El tejeringo
Surgen a nuestro alrededor en estas fechas, es de suponer que atraídas por el fuego, cientos de cabañas en las que se produce el churro o tejeringo, feliz manera de denominar al primero en otros lares, confundiendo, como es costumbre en multitud de ocasiones, el instrumento y el producto que con él se logra. Véase, al respecto y como ejemplo, la paella y la paella, o el puchero y el puchero.
Las fiestas falleras han tenido desde los principios de su historia a la masa de harina como máximo protagonista gastronómico, pero su concreción comestible, una vez frita, se ha titulado buñuelo, siendo los de viento -o sea, asistidos de la nada- y los de calabaza los más aplaudidos y venerados por la población, que gustaba de gustarlos a toda hora aunque con especial incidencia en la madrugada, hora en que aportaban un punto de razón a los cuerpos tan ahítos de licor como destemplados.
Las pequeñas industrias acompañaban durante las fiestas a cada falla y a cada casal, y el acre y reconocible olor a aceite frito hacía presagiar a los falleros y visitantes que el momento de templar los cuerpos estaba próximo.

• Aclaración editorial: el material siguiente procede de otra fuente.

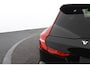 Volvo V60 2.0 T6 Twin Engine AWD Momentum Pro | Trekhaak | Panoramadak | Adaptieve Cruise | Leer | Stoelverwarming |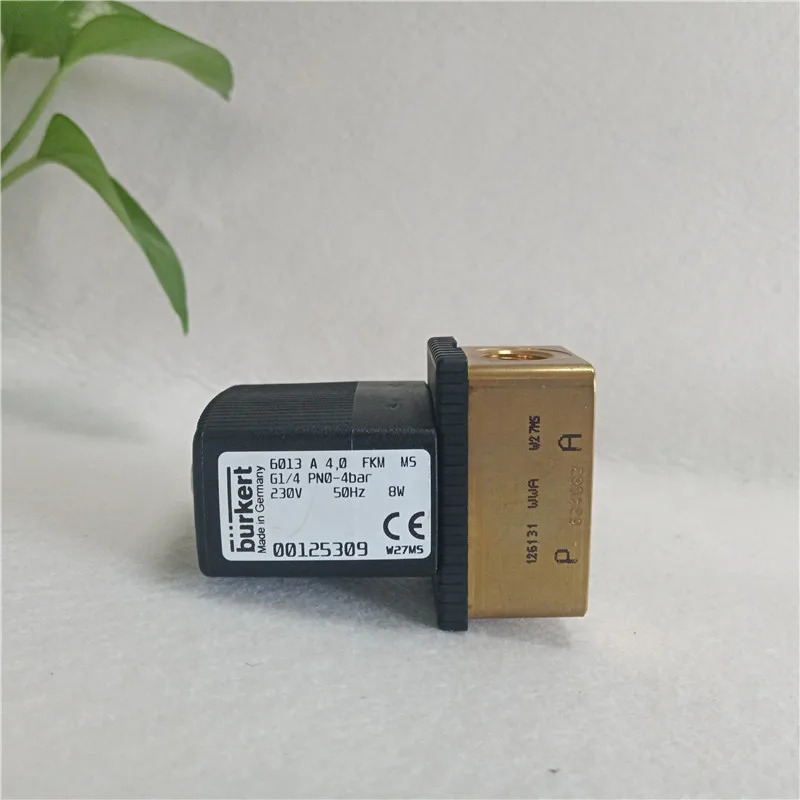 Burkert 솔레노이드 밸브 6013 A 4.0 FKM G1/4 0-4bar 230V 00125309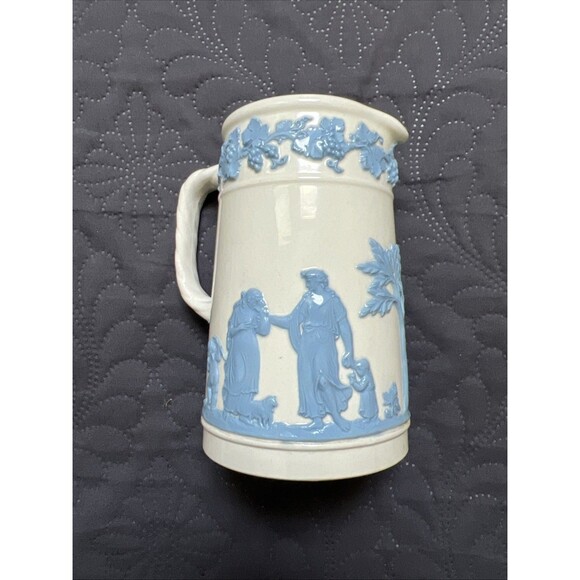 Wedgwood Cream Etruria & Barlaston Queens Ware Sacrifice Jug Pitcher Creamer - Picture 1 of 10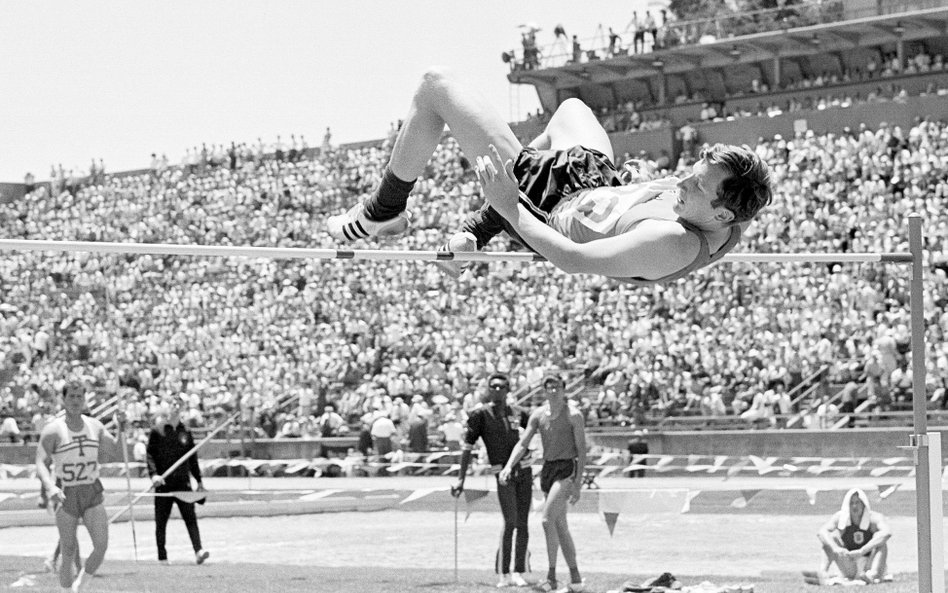 Amerykanin Dick Fosbury nad poprzeczką podczas olimpijskiego konkursu w Meksyku, po którym lekkoatle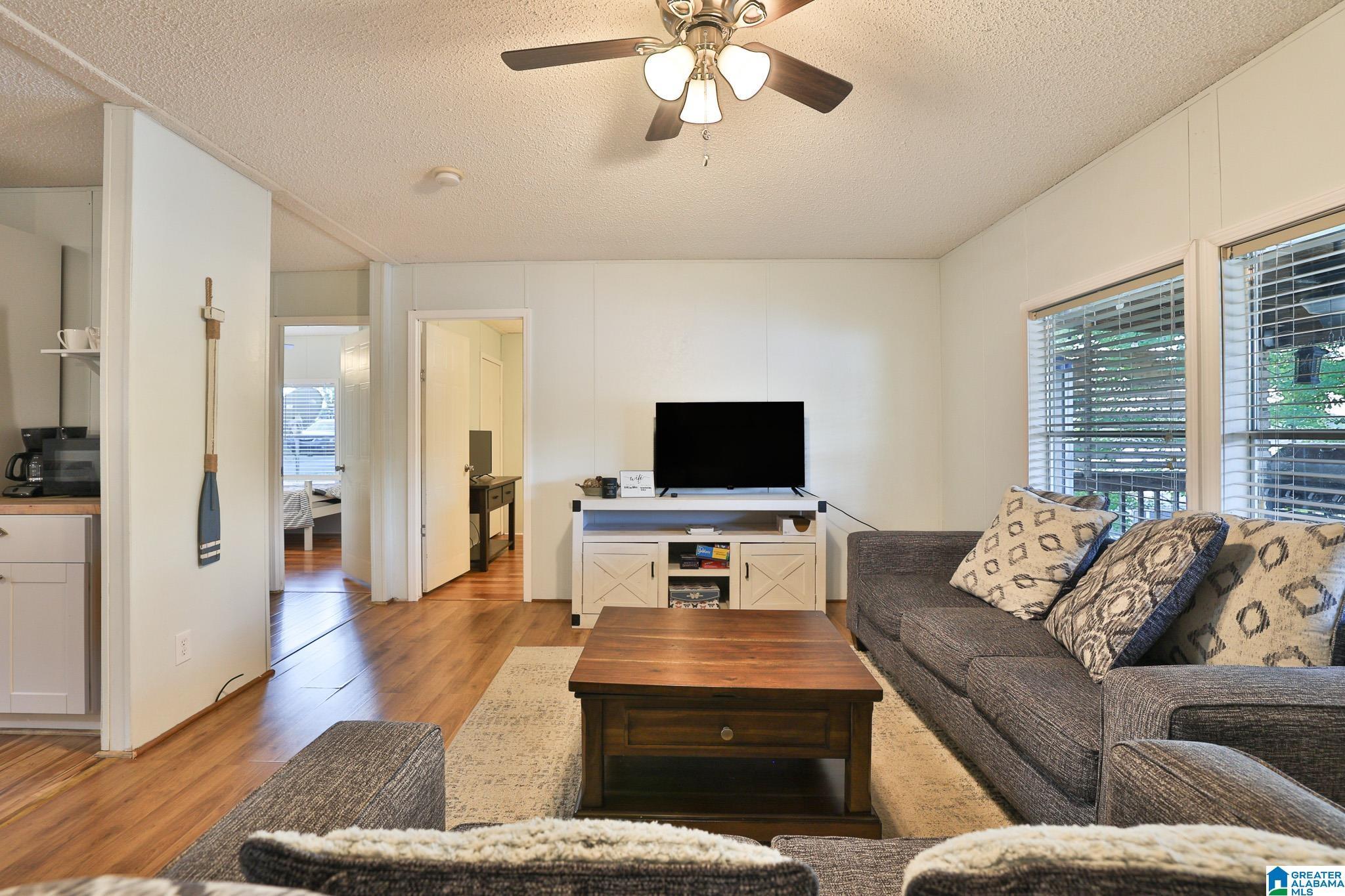 Image 4: Living Room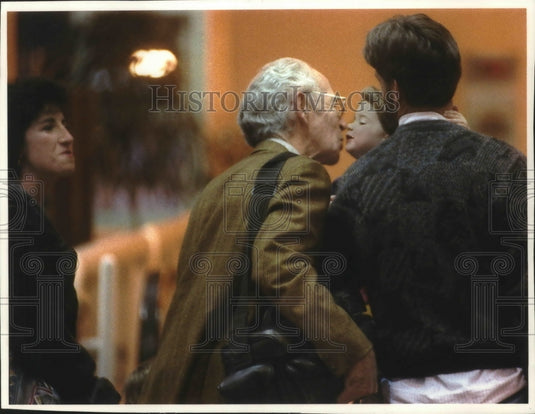 Press Photo Erika Yeager Kisses Grandfather, William Carr, at Mitchell Airport - Historic Images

Quizás haya algo de nostálgico en esa escena, y seguro que algunos de los aceites que soñamos tenían el punto rancio y requemado que acontece cuando la economía del industrial, minúsculo y artesano, no es lo sólida que sería de desear. Pero sin duda los ambientes distarían mucho del que ahora nos rodea y nos agobia, desde muchos días antes de que las fiestas comiencen y por doquier, y en los que el perfume apuntado, acre, que se agarra a nuestras gargantas y nuestras ropas de forma descomunal nos lleva a la maldición.
De aquellos buñuelos a estos tejeringos.